Takasu, Tamils’ adversary in UN Security Council?

Yukio Takasu, the 2009 President of the UN Security Council (UNSC) on the critical month of February, was one of the key UN officials who allegedly prevented Sri Lanka from being dragged into the UNSC for the unfolding mass scale killings in Mu’l’livaaykkaal, public statements made by UN officials during media stakes reveal. While some UN Security Council (UNSC) permanent members may have agreed with Takasu’a views, in a media stake out, Takasu lays out his "own" critical view of the "terrorist LTTE," and the primacy of political and security need to "defeat" the Tigers over imminent large scale civilian casualties. Political observers believe that Japanese cultural views on refugees, asylum seekers may provide clues to Takasu’s approach and conduct in the UNSC that led to the disastrous outcome for the Tamil refugees trapped in Sri Lanka’s civil war.

Yukio Takasu was the President of the UNSC during February 2009 and later in 2010. He was also Japan’s Ambassador to the United Nations.

Yukio Takasu, President UN Security Council Feb, 2009In the three media briefings on 9th, 20th and 27th February at the UN, Takasu, lays out the strategy adopted at the UNSC. Political observers commenting on the video pointed to the unmistakable hand of Takasu in adopting the chillingly cruel UN strategy to allow, in the name of security and politics, Colombo a free hand in the impending brutal massacre of more than 40,000 civilians (from Petrie Report).

In articulating first the UN’s motivations, and then responding to probing questions from a few journalists, Takasu is seen drawing his decades of experience in being a UN bureaucrat, as he switches between his three roles, the President of the UNSC, the Ambassador and as a Japanese private citizen, to deliver his message: that LTTE is the problem, and needs to be taken out.

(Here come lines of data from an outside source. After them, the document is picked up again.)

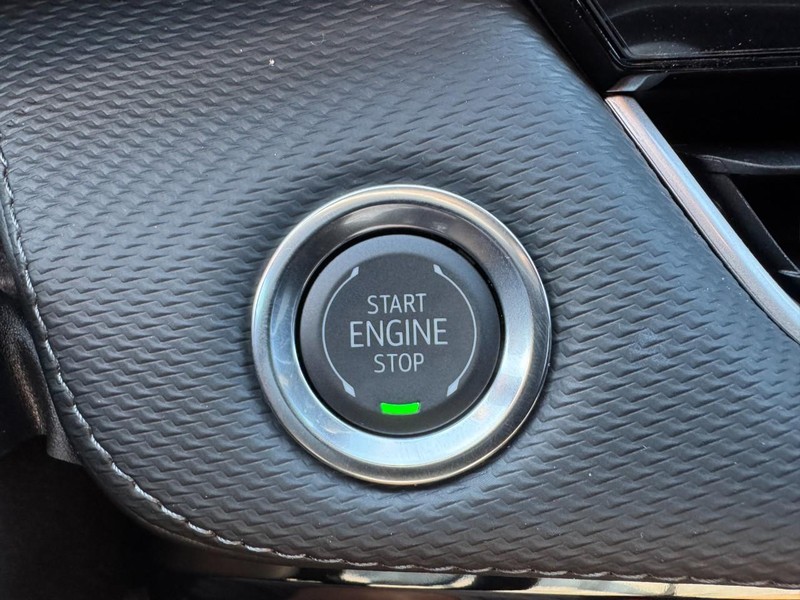 Chevrolet Equinox Vehicle Image 16
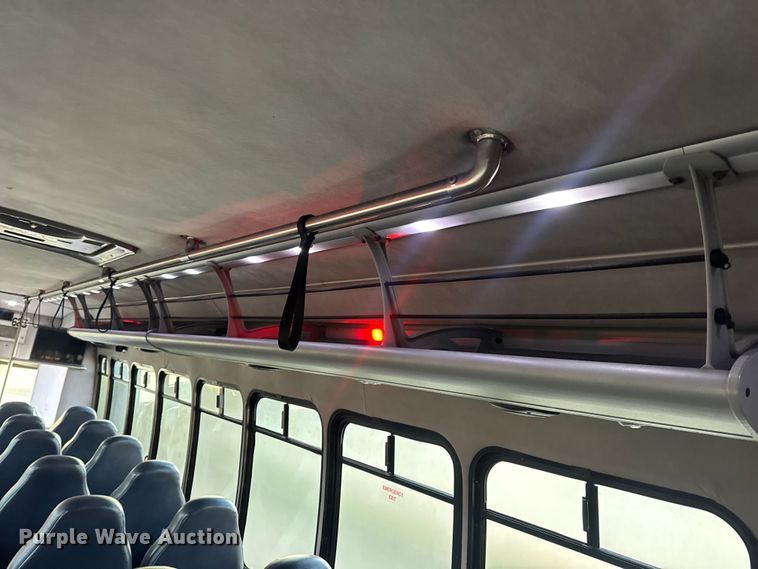 image for item DW6646 2015 International PC505 shuttle bus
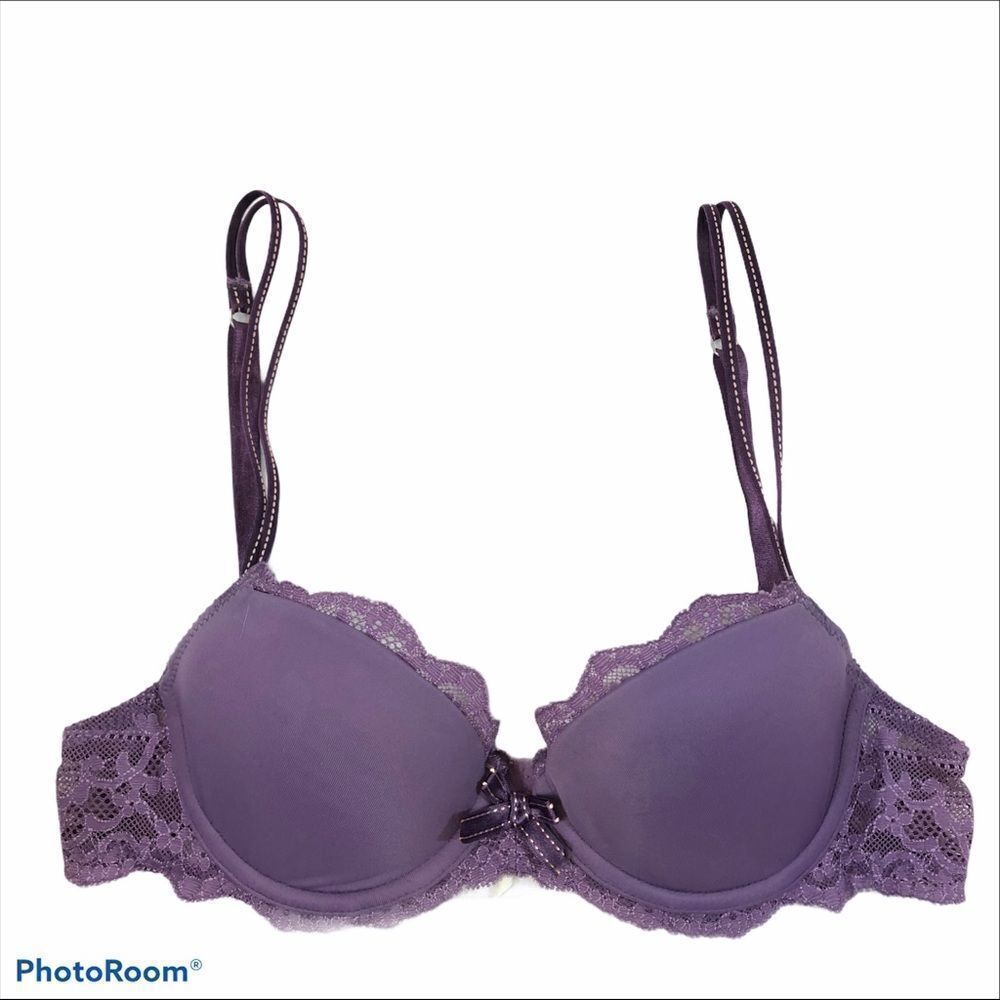 Lavender‎ Chantelle Padded Bra Size 30-32C Perfect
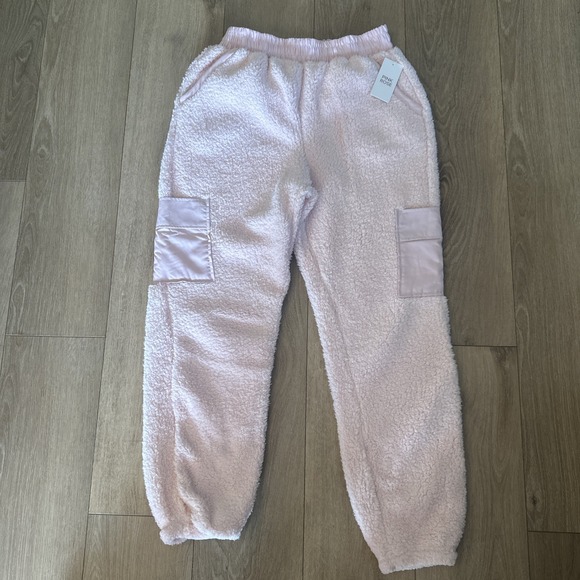 Pink Rose Sherpa Fleece Jogger Pants Juniors Pink Cargo Pockets Pull On Large - Picture 3 of 8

As a private citizen he confesses that no one wants to see “damage” to civilian people, but it is unfortunate [that we should allow that to happen in this instance]."

The videos and the associated news coverage by Innercity Press’s Matthew Lee during the civilian carnage at Mu’l’livaaykkaal, establishes, with reasonable certainty, Takasu’s involvement in continuing to refuse to taking up the matter at the Security Council.

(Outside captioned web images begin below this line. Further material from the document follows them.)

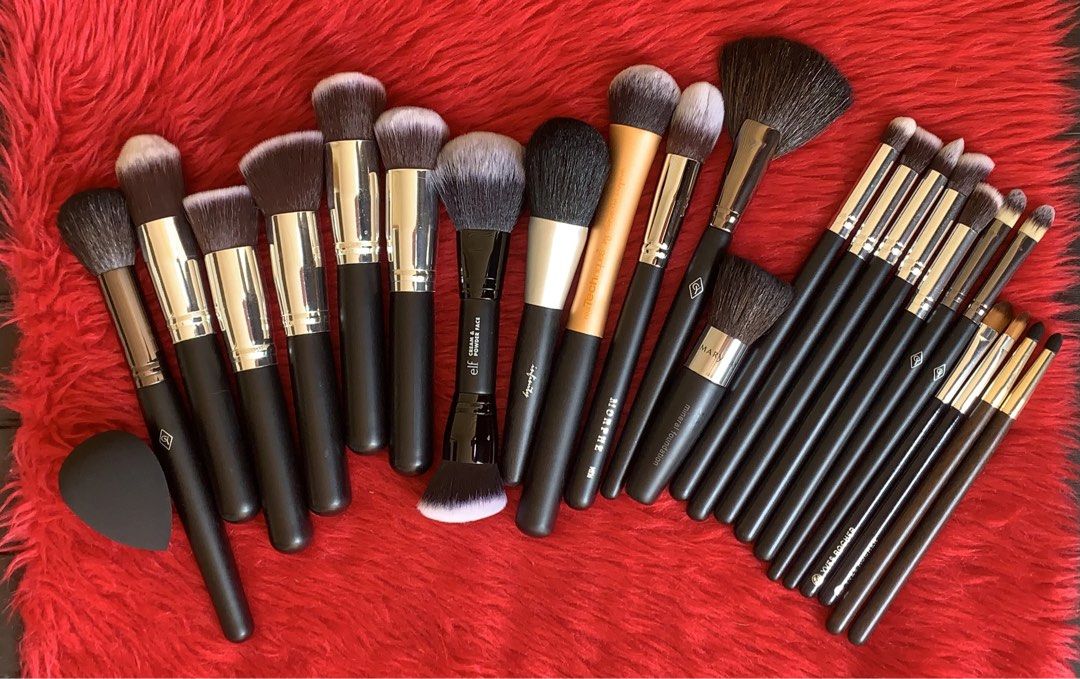 Makeup Brush Set with Morphe, ELF, and More (Category: Makeup) located in Quezon City. Submitted by jaianaapura (Listing ID 1428680031, Image 1). Description: Complete makeup brush set including various face and eye brushes. Includes brushes from brands like Morphe, ELF, and others. Also comes with a makeup sponge. Perfect for applying foundation, powder, blush, eyeshadow, and more. Great for both beginners and professionals..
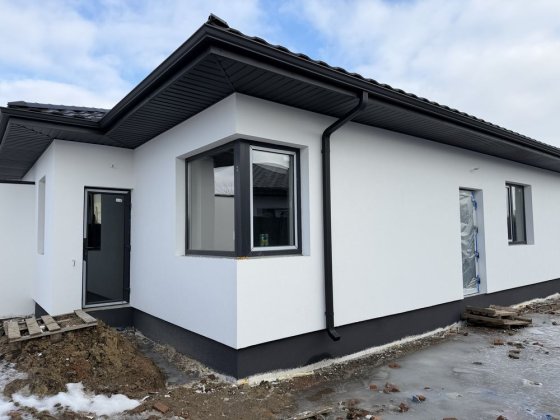 Продаж будинку-дуплексу в Боратині, поблизу Баобаб! Боратин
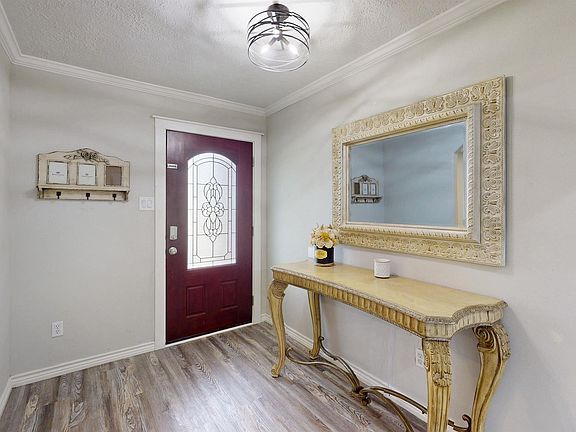 2nd image of 1817 Laura Ln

Yasushi Akashi, Former Japanese Envoy to the Tokyo Co-ChairsTamil activists also accuse another Japanese, Yasushi Akashi, the former Special Envoy of the Tokyo Co-chair to the Peace Process, for allegedly supporting US South Asia’s Secretary Blake, in architecting the defeat of Tigers. The co-chairs assembled a coalition of countries to first proscribe, then to arrest activists in the US, Australia, Canada, and in several European cities in a well-coordinated action to blunt the support from the Tamil diaspora by inculcating fear. Political observers say the Blake-led action, supported by co-chairs provided a internationally muted, clear political space for Colombo to carry out the massacre.

On Akashi’s visit in August 2012, three years after the Mu’l’livaaykkaal massacre, a Jaffna social activist commented: “Architects of the genocidal war cannot be mere listeners. They are answerable to the affected people and to the world. There is no foreign establishment involved in the island that doesn’t really know what is happening. Therefore, the boldness with which the grass-root aspirations of the nation of Eezham Tamils has to be politically translated in a befitting way should never be compromised in the island and in the diaspora."

Observers also point out that specific to Japan-Sri Lanka relationship, the role of common bond through religion [Buddhism] and sympathetic overtures offered by Sri Lanka towards Japan following the WWII defeat, reinforce the skewed position of Japan in speaking in favor of Sinhala-centric political goals in Sri Lanka.

Research indicates that the Japanese society abhors refugees and asylum seekers to maintain a homogeneous population, and activists argue that this cultural instinct may have played a role in the Japanese officials’ mindset to allow humanitarian issues take a secondary role, and a factor behind the perceived insensitivity of the Japanese officials to the plight of Tamil civilians as hundreds of thousands were made refugees in their own homeland by deliberation action of the State. Takasu charaterizes the "impending crime-of-the-century" as "damage" to the "civilian people."

Japan also remained the biggest donor nation to Sri Lanka for many decades as the state sponsored discrimination of Tamils and pogroms against Tamils plagued the Island- another Japanese, Colombo affiliation that may have likely played in the Takasu-Akashi involvement in the war which led to disastrous consequences to the Tamil civilians, political observes point out.